Introduction¶

oneDNN Graph API extends oneDNN with a unified high-level graph API for multiple AI hardware classes (CPU, GPU, accelerators). With a flexible graph interface, it maximizes the optimization opportunity for generating efficient code across a variety of Intel and non-Intel HW, and can be closely integrated with ecosystem framework and inference engines. oneDNN Graph API accepts a deep learning computation graph as input and performs graph partitioning, where nodes that are candidates for fusion are grouped together. oneDNN Graph compiles and executes a group of deep learning operations in a graph partition as a fused operation.

With the graph as input, oneDNN Graph implementation can perform target-specific optimization and code generation on a larger scope, which allows it to map the operation to hardware resources and improve execution efficiency and data locality with a global view of the computation graph. With the rapid introduction of hardware support for dense compute, the deep learning workload characteristic changed significantly from a few hot spots on compute-intensive operations to a broad number of operations scattering across the applications. Accelerating a few compute-intensive operations using primitive API has diminishing returns and limits the performance potential. It is critical to have a graph API to better exploit hardware compute capacity.

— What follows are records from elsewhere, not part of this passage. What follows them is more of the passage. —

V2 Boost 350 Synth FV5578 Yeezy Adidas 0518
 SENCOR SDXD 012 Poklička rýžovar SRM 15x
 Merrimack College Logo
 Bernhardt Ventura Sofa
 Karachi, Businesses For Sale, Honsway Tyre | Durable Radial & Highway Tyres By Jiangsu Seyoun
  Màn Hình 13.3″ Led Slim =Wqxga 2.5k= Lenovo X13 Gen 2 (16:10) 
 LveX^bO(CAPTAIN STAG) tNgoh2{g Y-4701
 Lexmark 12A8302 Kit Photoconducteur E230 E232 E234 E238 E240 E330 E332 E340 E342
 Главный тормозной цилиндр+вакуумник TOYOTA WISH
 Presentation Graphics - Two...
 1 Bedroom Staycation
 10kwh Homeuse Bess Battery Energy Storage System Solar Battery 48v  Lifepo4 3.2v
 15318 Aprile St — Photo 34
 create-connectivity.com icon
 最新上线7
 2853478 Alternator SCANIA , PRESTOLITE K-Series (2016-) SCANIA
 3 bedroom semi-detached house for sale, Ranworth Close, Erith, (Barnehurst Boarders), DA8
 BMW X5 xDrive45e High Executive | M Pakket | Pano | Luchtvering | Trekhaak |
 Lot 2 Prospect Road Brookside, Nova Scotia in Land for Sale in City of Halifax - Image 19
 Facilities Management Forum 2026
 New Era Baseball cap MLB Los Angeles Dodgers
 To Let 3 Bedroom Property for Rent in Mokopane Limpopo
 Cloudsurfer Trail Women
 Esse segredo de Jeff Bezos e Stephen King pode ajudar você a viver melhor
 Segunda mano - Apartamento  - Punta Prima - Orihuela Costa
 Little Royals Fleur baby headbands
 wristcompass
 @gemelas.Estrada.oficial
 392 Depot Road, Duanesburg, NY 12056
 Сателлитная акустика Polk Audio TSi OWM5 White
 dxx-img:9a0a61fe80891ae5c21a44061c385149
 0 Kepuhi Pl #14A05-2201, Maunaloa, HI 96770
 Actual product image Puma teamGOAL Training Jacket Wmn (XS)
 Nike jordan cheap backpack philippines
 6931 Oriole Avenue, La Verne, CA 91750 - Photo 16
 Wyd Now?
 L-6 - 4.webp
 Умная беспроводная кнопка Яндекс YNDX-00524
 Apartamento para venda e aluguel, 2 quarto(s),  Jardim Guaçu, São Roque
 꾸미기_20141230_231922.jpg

oneDNN Graph API provides graph partition as a unified graph interface for different types of AI hardware classes. Users construct a graph with operations and logical tensors and pass it to oneDNN Graph implementation to get partitions. oneDNN Graph implementation has a chance to receive a full graph and decides the best way to partition, with the consideration of maximizing performance and coordinating with the application’s control of hardware resources. As the partition size can range from single op to the full graph, it satisfies the different needs of graph size for compilation and execution on different AI hardware.